Crude Exits December Contract at Trading Range Lows

Crude oil futures continued to retreat on the New York Mercantile Exchange Friday due to a resurgence in the greenback's value and Wall Street's third consecutive day of declines as economic concerns weighed on the market.

On the final day of its December contract, the price of light, sweet crude oil settled lower at $76.72 on the NYMEX, or nearly 75 cents less than yesterday's final price tag. Trading under the January 2010 contract was slightly better with crude closing at $77.47 a barrel.

Additionally, natural gas futures held on to yesterday's gains on the NYMEX, closing higher at $4.424 per thousand cubic feet.

Paring its weekly losses today, the U.S. dollar strengthened once more against a basket of foreign currencies, spurring investors to lose their buying enthusiasm for the energy commodity ahead of the upcoming holiday week.

Energy Markets Burdened by Ample Crude Supplies

"Today was the final day for December crude, and maybe we should have a moment of silence for this market," mused Phil Flynn, vice president in charge of research for PFG Best in Chicago. "I think January is going to pick up the mantle on Monday still locked in the same trading range that we've been in for the last couple of weeks."

Recently, oil prices have gained and lost ground primarily because of its attachment to the broader financial markets and, specifically, the dollar's day-to-day high and low points.

"Every time oil seems to get bullish over the weak dollar, the market seems to be restained from concerns of weakened global demand. In that sense, we're really caught between a rock and a hard place," said Flynn. "On one hand the weak dollar is spurring buying, giving the market support, but then on the other hand ample global supplies keeps bringing resistance to the market on the upside."

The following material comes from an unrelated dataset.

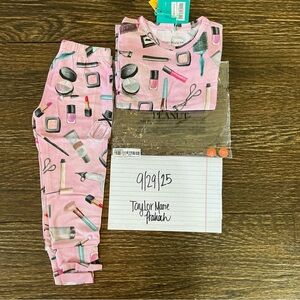 Posh peanut beauty salon pajama set, size 2T NIB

Further stoking the market's concerns over dismal demand for refined products, Valero permanently closed the doors at its 210,000 barrel-per-day refinery in Delaware City, Delaware.   

Oil Traders Trapped in 'Macroeconomic Groundhog's Day'

Analysts continue to point out that oil is currently locked in a trading range slightly above $76 and just under $80 a barrel, with these trending prices anticipated for the remainder of the year. The financial factors affecting commodity prices also remain unchanged, leading analysts to wonder whether prices will move beyond the current $80-threshold. Consensus is that it won't for the foreseeable future.

"Oil needs some major factor to drive it either higher or lower, and I don't foresee anything happening in the short term," noted Flynn. "If the market doesn't break out of this 'macroeconomic Groundhog's Day,' we're going to be reliving the same story this coming week and probably the next," the analyst contended.

Flynn continued, "The market's not going to rattle from increasing tensions with Iran. Normally that would give the market support, and it's not right now because there's so much extra capacity. The good news is that the economy is getting better, but the bad news is that it's not getting better fast enough to cut into oil supplies, and, as a result, oil has become a pawn in this economic recovery."